This is my aunt, Arlene. She passed away in hospice care on Monday after being diagnosed with cancer a little over a month ago. She was happy and healthy, until suddenly she wasn't. Arlene survived scarlet fever at age four that left her physically and mentally challenged. She was a wonderful, complicated person, at times acting like a mischievous seven-year-old, and then being so insightful as to take my breath away.
She was kind and she was funny. She loved holidays and animals, and watching anything Dick Van Dyke was in on television. She remembered everyone she met. She was an unrepentant flirt. She was stubborn and sometimes cranky. She loved to be included in any task, even if it was just to "supervise." She also loved to bicker with her mother and stepfather, and sometimes with Dean and me when we lived with my grandparents for a time. She lived for people to come visit her. She loved coloring and stringing beads. Birthdays weren't just one day to celebrate for her, she lived for them, counting down the months and days until the next one (because presents showed up all month long). Arlene would always give me little things she'd made or things she had. I would send her cards with sheets of stickers for the albums of photos she loved to keep.
She lived a good long life. She wasn't in pain, even near the end.
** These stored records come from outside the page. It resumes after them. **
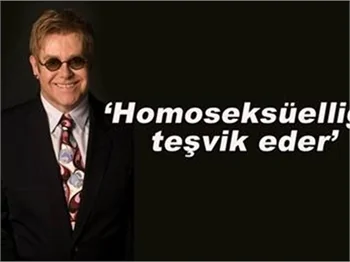 ELTON JOHN FAS'TA YASAKLANDI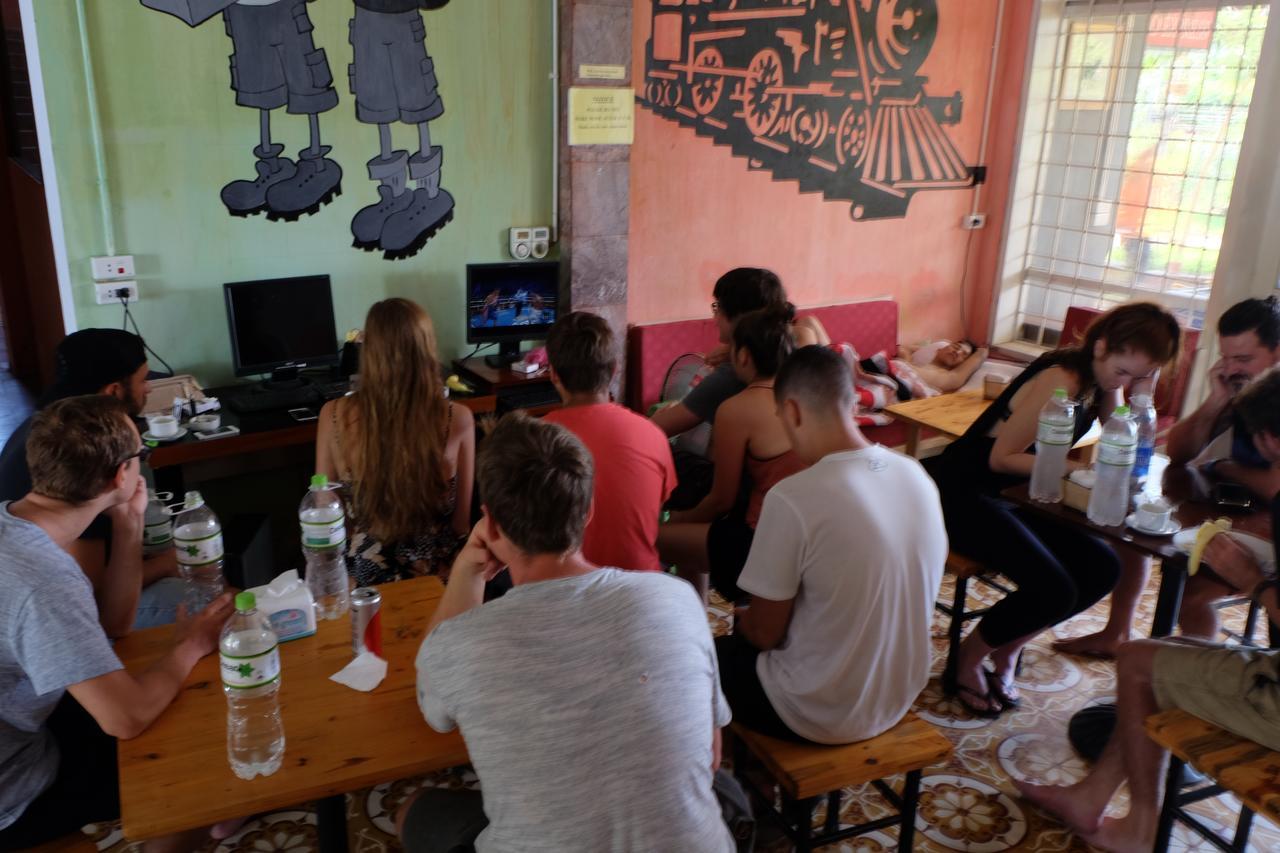 Go Ninhbinh Hostel Ninh Binh Bagian luar foto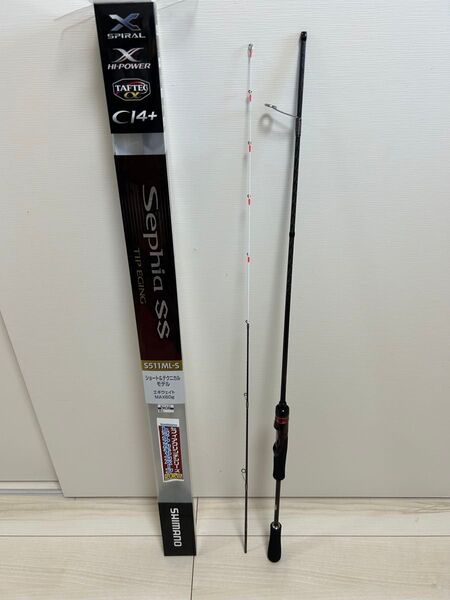 値引相談可【美品】セフィアSS ティップエギング S511ML-S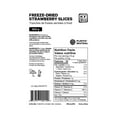 thumbnail image 5 of Freeze-dried strawberry slices - 300 g (10.6oz), 5 of 5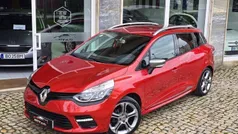 Vermelho Usado 2014 Renault Clio IV GT | € 12.450 (Preço justo)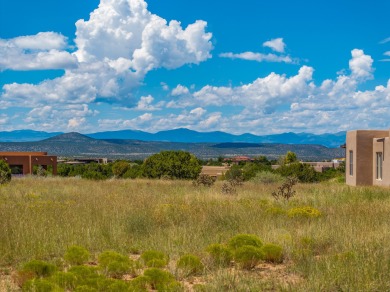 Discover this exceptional new custom home by Mirtha Davalos of on The Club At Las Campanas  in New Mexico - for sale on GolfHomes.com, golf home, golf lot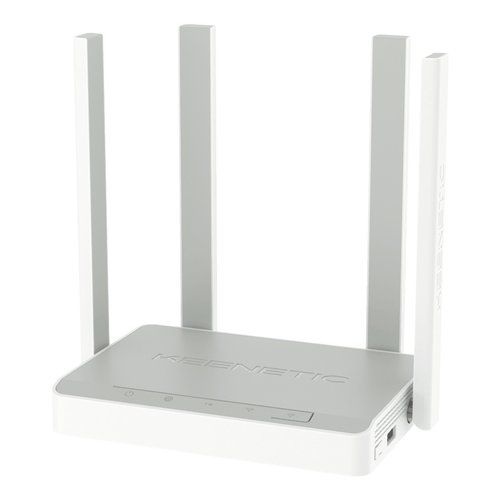 foto del prodotto keenetic skipper router wi-fi 5 mesh ac1200 con smart switch gigabit a 4 porte e porta usb - kn 1912 01 eu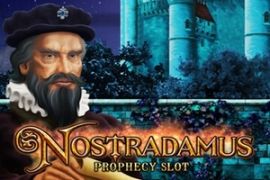 nostradamus slot logo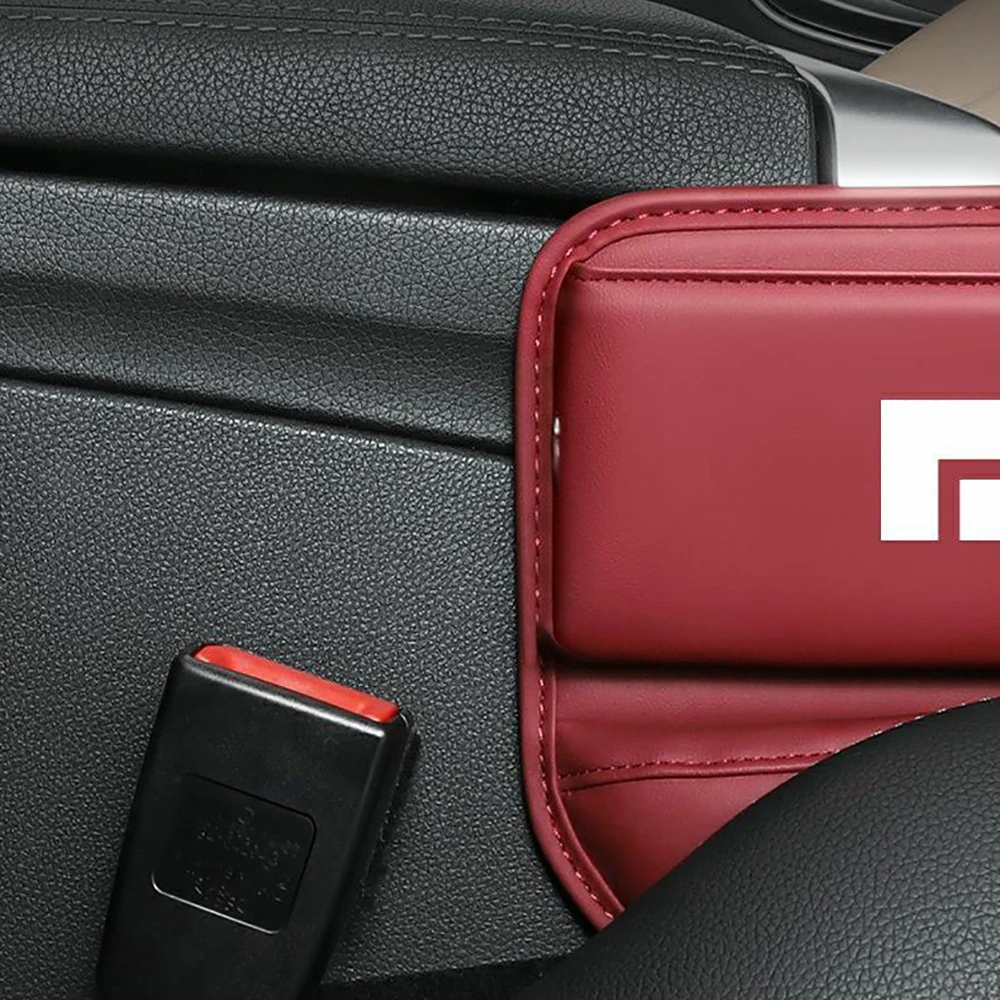 

﻿ Car Seat Gap Storage Box Fit For BAIC JISHI Rox Adamas 2026 Anti-Leak Multi-Functional Organizer Premium Interior Accessories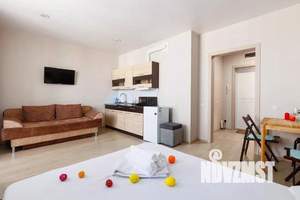 1-к квартира, посуточно, 49м2, 1/1 этаж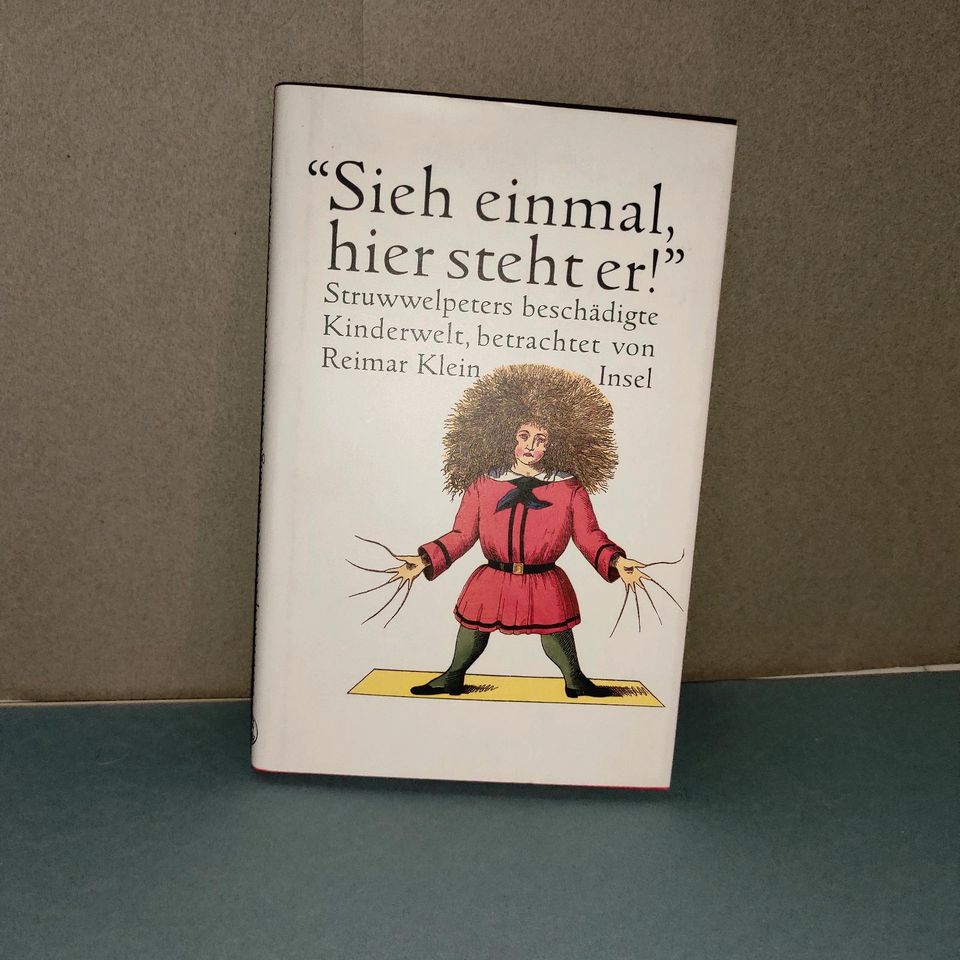 " Sieh einmal hier steht er!" Von Reimar Klein in Offenbach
I visited her just after she was diagnosed, and Dean and I visited a couple of weeks ago. We got to talk about her life, things she liked, events she remembered, and people she loved who were gone. My father, her conservator, didn't want anyone to tell her directly what was going on, and specifically asked me not to do so myself, but I begged him to at least ask the hospice people to make sure she understood as well as she could what was happening to her, so that she wouldn't be afraid. I'm not sure if anyone did, but I think she figured out a lot of what was going on by herself. During our last visit, Arlene told us, unprompted, that she was going to have a new home soon, "in a month or so," and that she was happy to be going, which nearly made the both of us cry. And when I asked her where her new home was, she raised her arms in an expansive gesture, and said "Far, far away."
It's extremely difficult for me to talk about this. I want to forget. I want to be distracted. I want to shut down and compartmentalize because it's easier than dealing with the pain. Talking about it makes it more real and means breaking down in tears all the damned time, but if I don't, then it builds up until the tears come anyway. I don't know how to ask for help. I
know even less how to accept it without fighting it, without feeling weak and like a failure. I've been feeling like this since my grandmother died, a year before Greg did, and now, Arlene is gone too.
She loved me very much, and I loved her. Now she's gone, and I miss her terribly.